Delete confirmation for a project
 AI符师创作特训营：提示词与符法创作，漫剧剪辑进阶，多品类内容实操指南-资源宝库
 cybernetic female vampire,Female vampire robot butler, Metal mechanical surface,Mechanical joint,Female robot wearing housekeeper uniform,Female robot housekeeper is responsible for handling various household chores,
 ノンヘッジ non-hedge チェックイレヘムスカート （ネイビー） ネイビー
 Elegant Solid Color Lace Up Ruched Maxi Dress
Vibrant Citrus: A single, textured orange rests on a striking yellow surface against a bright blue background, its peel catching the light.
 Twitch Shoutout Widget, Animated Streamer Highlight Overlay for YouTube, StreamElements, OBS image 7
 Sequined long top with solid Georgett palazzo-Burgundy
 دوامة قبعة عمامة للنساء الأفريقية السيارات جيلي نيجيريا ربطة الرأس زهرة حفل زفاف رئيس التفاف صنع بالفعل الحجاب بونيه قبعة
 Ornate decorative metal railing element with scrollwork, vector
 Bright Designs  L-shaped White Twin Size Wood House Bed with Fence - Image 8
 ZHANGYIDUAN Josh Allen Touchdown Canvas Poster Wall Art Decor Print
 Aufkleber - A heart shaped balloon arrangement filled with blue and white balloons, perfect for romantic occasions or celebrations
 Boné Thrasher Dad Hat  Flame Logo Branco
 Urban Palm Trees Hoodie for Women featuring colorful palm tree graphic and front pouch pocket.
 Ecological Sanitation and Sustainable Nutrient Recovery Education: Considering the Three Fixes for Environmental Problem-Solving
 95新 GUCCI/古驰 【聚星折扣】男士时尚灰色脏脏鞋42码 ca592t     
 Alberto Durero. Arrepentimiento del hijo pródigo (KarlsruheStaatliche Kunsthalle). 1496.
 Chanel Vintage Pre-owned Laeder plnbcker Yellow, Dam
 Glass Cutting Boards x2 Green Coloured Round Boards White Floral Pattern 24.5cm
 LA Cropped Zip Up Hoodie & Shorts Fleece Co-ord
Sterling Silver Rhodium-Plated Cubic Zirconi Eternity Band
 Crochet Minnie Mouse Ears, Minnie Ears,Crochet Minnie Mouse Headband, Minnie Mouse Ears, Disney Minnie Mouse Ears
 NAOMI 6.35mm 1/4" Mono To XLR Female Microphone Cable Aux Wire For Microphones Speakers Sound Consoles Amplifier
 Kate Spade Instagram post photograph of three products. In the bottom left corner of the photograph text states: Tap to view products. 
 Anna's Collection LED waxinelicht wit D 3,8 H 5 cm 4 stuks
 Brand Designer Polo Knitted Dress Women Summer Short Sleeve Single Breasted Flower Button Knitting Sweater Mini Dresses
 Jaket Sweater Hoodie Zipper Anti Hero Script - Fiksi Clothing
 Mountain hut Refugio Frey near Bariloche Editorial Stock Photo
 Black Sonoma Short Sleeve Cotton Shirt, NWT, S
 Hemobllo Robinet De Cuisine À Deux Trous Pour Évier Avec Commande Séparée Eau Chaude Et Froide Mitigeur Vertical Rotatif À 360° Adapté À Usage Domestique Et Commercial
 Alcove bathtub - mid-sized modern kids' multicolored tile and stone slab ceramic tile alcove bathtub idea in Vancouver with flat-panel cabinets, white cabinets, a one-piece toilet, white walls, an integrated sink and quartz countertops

_Exercise description_:
Copy every line above exactly.

_Exercise result_:
Delete confirmation for a project
 AI符师创作特训营：提示词与符法创作，漫剧剪辑进阶，多品类内容实操指南-资源宝库
 cybernetic female vampire,Female vampire robot butler, Metal mechanical surface,Mechanical joint,Female robot wearing housekeeper uniform,Female robot housekeeper is responsible for handling various household chores,
 ノンヘッジ non-hedge チェックイレヘムスカート （ネイビー） ネイビー
 Elegant Solid Color Lace Up Ruched Maxi Dress
Vibrant Citrus: A single, textured orange rests on a striking yellow surface against a bright blue background, its peel catching the light.
 Twitch Shoutout Widget, Animated Streamer Highlight Overlay for YouTube, StreamElements, OBS image 7
 Sequined long top with solid Georgett palazzo-Burgundy
 دوامة قبعة عمامة للنساء الأفريقية السيارات جيلي نيجيريا ربطة الرأس زهرة حفل زفاف رئيس التفاف صنع بالفعل الحجاب بونيه قبعة
 Ornate decorative metal railing element with scrollwork, vector
 Bright Designs  L-shaped White Twin Size Wood House Bed with Fence - Image 8
 ZHANGYIDUAN Josh Allen Touchdown Canvas Poster Wall Art Decor Print
 Aufkleber - A heart shaped balloon arrangement filled with blue and white balloons, perfect for romantic occasions or celebrations
 Boné Thrasher Dad Hat  Flame Logo Branco
 Urban Palm Trees Hoodie for Women featuring colorful palm tree graphic and front pouch pocket.
 Ecological Sanitation and Sustainable Nutrient Recovery Education: Considering the Three Fixes for Environmental Problem-Solving
 95新 GUCCI/古驰 【聚星折扣】男士时尚灰色脏脏鞋42码 ca592t     
 Alberto Durero. Arrepentimiento del hijo pródigo (KarlsruheStaatliche Kunsthalle). 1496.
 Chanel Vintage Pre-owned Laeder plnbcker Yellow, Dam
 Glass Cutting Boards x2 Green Coloured Round Boards White Floral Pattern 24.5cm
 LA Cropped Zip Up Hoodie & Shorts Fleece Co-ord
Sterling Silver Rhodium-Plated Cubic Zirconi Eternity Band
 Crochet Minnie Mouse Ears, Minnie Ears,Crochet Minnie Mouse Headband, Minnie Mouse Ears, Disney Minnie Mouse Ears
 NAOMI 6.35mm 1/4" Mono To XLR Female Microphone Cable Aux Wire For Microphones Speakers Sound Consoles Amplifier
 Kate Spade Instagram post photograph of three products. In the bottom left corner of the photograph text states: Tap to view products. 
 Anna's Collection LED waxinelicht wit D 3,8 H 5 cm 4 stuks
 Brand Designer Polo Knitted Dress Women Summer Short Sleeve Single Breasted Flower Button Knitting Sweater Mini Dresses
 Jaket Sweater Hoodie Zipper Anti Hero Script - Fiksi Clothing
 Mountain hut Refugio Frey near Bariloche Editorial Stock Photo
 Black Sonoma Short Sleeve Cotton Shirt, NWT, S
 Hemobllo Robinet De Cuisine À Deux Trous Pour Évier Avec Commande Séparée Eau Chaude Et Froide Mitigeur Vertical Rotatif À 360° Adapté À Usage Domestique Et Commercial
 Alcove bathtub - mid-sized modern kids' multicolored tile and stone slab ceramic tile alcove bathtub idea in Vancouver with flat-panel cabinets, white cabinets, a one-piece toilet, white walls, an integrated sink and quartz countertops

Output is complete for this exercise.